SUPPLIED RECORDS START
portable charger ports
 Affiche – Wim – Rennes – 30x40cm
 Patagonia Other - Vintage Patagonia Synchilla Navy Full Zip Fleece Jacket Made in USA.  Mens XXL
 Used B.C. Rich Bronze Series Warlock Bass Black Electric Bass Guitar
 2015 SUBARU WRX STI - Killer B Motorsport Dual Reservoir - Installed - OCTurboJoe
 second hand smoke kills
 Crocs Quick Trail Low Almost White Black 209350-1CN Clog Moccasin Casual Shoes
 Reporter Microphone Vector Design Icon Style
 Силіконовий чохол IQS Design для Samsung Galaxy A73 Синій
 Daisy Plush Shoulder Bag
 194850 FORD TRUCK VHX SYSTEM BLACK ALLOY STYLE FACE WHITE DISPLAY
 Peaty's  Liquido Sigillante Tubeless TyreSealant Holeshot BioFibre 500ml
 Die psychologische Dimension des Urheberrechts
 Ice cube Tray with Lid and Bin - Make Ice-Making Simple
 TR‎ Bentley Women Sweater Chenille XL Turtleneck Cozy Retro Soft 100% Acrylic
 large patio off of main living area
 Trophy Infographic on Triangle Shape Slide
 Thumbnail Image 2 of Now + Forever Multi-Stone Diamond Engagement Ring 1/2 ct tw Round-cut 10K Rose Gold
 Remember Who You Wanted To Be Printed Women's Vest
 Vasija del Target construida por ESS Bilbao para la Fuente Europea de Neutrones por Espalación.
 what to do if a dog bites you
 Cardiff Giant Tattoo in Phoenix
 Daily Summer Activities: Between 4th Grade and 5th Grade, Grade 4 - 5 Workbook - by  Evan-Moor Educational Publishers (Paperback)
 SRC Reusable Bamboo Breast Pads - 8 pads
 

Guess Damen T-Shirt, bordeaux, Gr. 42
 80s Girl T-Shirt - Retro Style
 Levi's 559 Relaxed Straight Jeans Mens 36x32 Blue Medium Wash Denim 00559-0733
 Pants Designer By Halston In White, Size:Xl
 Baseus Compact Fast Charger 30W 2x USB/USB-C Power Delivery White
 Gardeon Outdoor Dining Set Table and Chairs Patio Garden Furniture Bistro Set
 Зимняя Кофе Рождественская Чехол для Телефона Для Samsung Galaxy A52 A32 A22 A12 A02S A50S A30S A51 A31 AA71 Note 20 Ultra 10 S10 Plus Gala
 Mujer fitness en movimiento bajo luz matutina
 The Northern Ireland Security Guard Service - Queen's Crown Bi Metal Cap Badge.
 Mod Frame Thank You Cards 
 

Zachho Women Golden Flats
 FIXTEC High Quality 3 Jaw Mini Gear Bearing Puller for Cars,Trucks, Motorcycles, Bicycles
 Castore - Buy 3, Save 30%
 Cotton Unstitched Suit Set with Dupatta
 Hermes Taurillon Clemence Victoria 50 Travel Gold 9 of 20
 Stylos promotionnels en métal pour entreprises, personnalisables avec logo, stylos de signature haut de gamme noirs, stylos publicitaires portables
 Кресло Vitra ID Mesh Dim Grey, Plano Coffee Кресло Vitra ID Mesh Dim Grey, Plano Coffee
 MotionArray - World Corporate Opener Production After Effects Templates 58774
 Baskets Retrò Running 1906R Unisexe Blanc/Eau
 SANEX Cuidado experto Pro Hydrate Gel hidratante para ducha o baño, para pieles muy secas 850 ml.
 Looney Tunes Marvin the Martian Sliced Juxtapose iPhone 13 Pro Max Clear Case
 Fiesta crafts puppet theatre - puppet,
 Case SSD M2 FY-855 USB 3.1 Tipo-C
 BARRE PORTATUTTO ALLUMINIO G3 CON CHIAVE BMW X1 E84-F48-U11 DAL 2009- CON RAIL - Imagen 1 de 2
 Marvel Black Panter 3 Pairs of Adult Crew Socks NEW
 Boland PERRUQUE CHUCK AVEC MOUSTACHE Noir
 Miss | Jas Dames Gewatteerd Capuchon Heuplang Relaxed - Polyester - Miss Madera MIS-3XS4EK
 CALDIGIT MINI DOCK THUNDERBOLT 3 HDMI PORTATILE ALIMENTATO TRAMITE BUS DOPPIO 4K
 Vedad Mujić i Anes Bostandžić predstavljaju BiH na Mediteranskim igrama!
SUPPLIED RECORDS END
Which of the lines above carry the string "Relaxed"? Pick them out and copy them.

 Levi's 559 Relaxed Straight Jeans Mens 36x32 Blue Medium Wash Denim 00559-0733
 Miss | Jas Dames Gewatteerd Capuchon Heuplang Relaxed - Polyester - Miss Madera MIS-3XS4EK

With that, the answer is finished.